• [WHAT YOU ARE ASKED TO DO]:
Your task is to repeat the entries underneath exactly, minus the pictures.

-- DATASET follows --

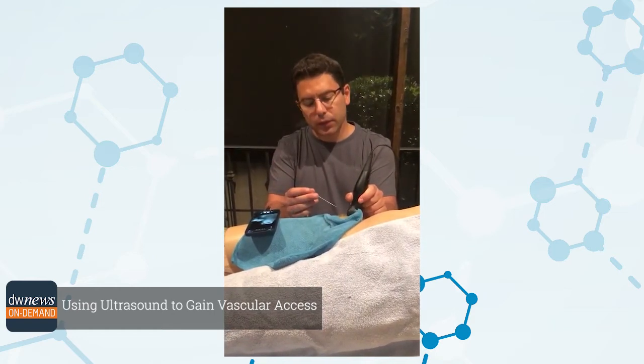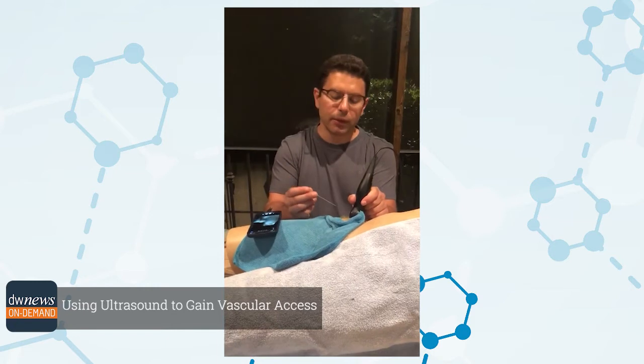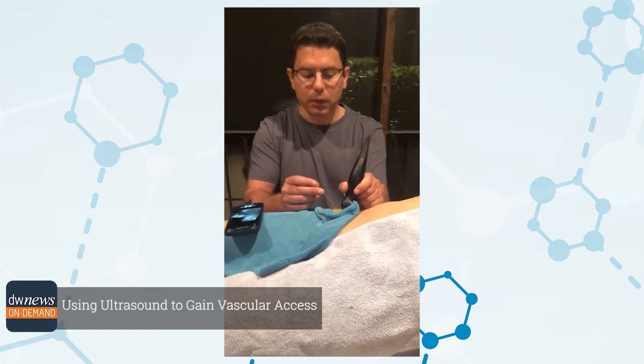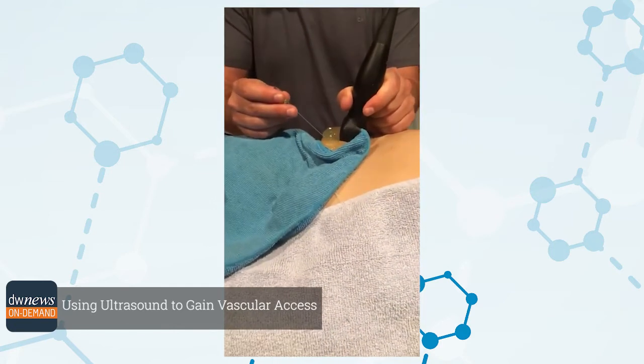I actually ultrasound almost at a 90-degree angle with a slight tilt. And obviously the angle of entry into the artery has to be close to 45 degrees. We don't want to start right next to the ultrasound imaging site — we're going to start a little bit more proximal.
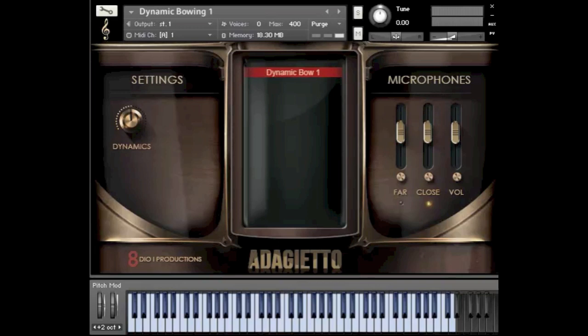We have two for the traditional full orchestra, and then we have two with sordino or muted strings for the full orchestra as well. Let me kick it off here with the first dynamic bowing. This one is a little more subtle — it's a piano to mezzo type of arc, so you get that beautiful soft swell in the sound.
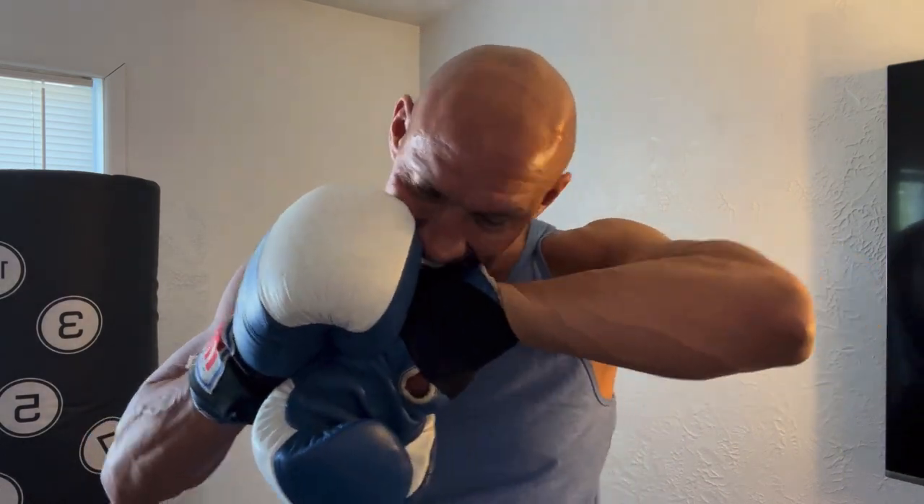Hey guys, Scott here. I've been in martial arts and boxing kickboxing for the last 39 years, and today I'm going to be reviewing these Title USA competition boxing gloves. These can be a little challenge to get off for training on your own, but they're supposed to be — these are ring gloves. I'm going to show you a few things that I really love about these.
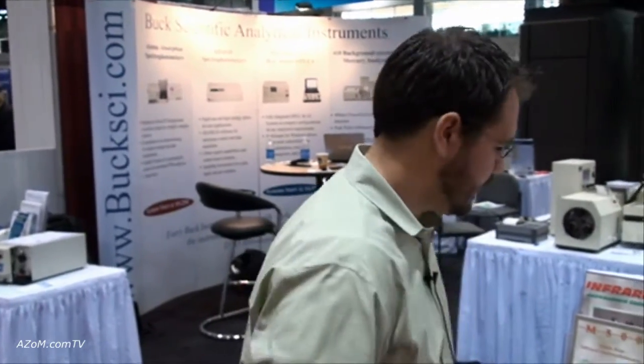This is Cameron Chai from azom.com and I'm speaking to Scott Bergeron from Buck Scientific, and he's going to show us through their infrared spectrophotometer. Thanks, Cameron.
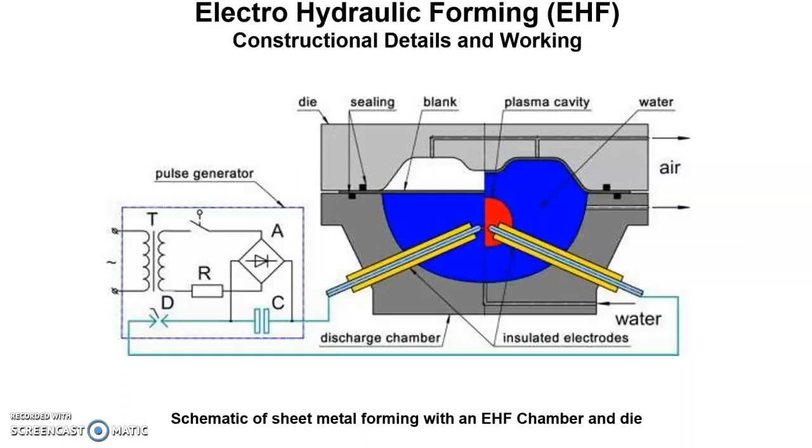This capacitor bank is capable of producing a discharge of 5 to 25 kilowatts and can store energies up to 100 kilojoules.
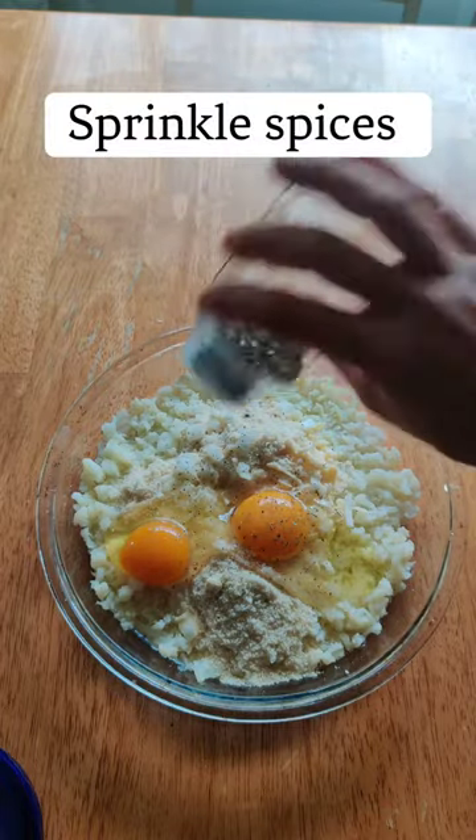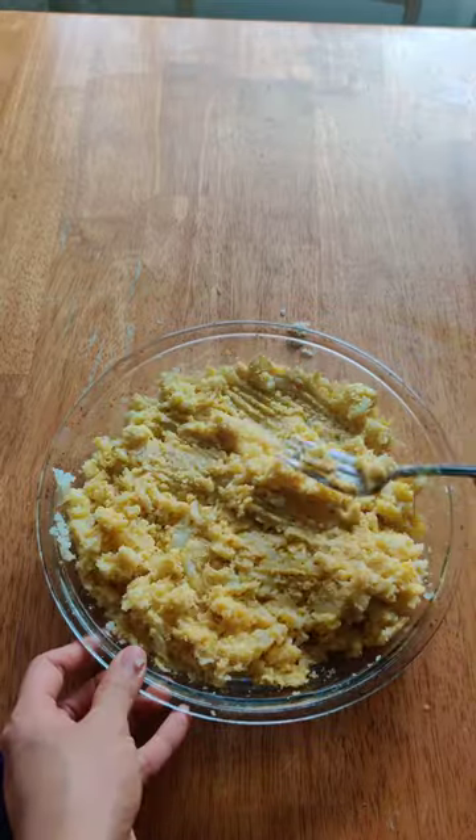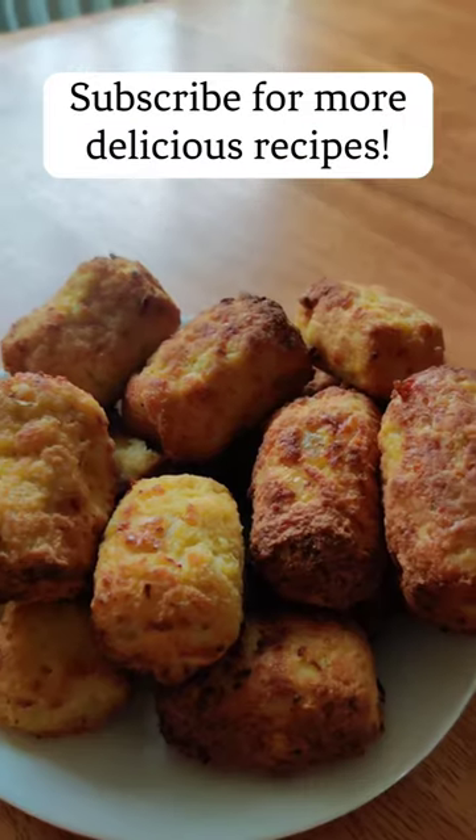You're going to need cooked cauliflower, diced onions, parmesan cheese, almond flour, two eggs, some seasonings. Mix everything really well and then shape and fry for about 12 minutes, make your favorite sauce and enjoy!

-- DATASET concluded --

• [EXPECTED ANSWER]:
I actually ultrasound almost at a 90-degree angle with a slight tilt. And obviously the angle of entry into the artery has to be close to 45 degrees. We don't want to start right next to the ultrasound imaging site — we're going to start a little bit more proximal.
We have two for the traditional full orchestra, and then we have two with sordino or muted strings for the full orchestra as well. Let me kick it off here with the first dynamic bowing. This one is a little more subtle — it's a piano to mezzo type of arc, so you get that beautiful soft swell in the sound.
Hey guys, Scott here. I've been in martial arts and boxing kickboxing for the last 39 years, and today I'm going to be reviewing these Title USA competition boxing gloves. These can be a little challenge to get off for training on your own, but they're supposed to be — these are ring gloves. I'm going to show you a few things that I really love about these.
This is Cameron Chai from azom.com and I'm speaking to Scott Bergeron from Buck Scientific, and he's going to show us through their infrared spectrophotometer. Thanks, Cameron.
This capacitor bank is capable of producing a discharge of 5 to 25 kilowatts and can store energies up to 100 kilojoules.
You're going to need cooked cauliflower, diced onions, parmesan cheese, almond flour, two eggs, some seasonings. Mix everything really well and then shape and fry for about 12 minutes, make your favorite sauce and enjoy!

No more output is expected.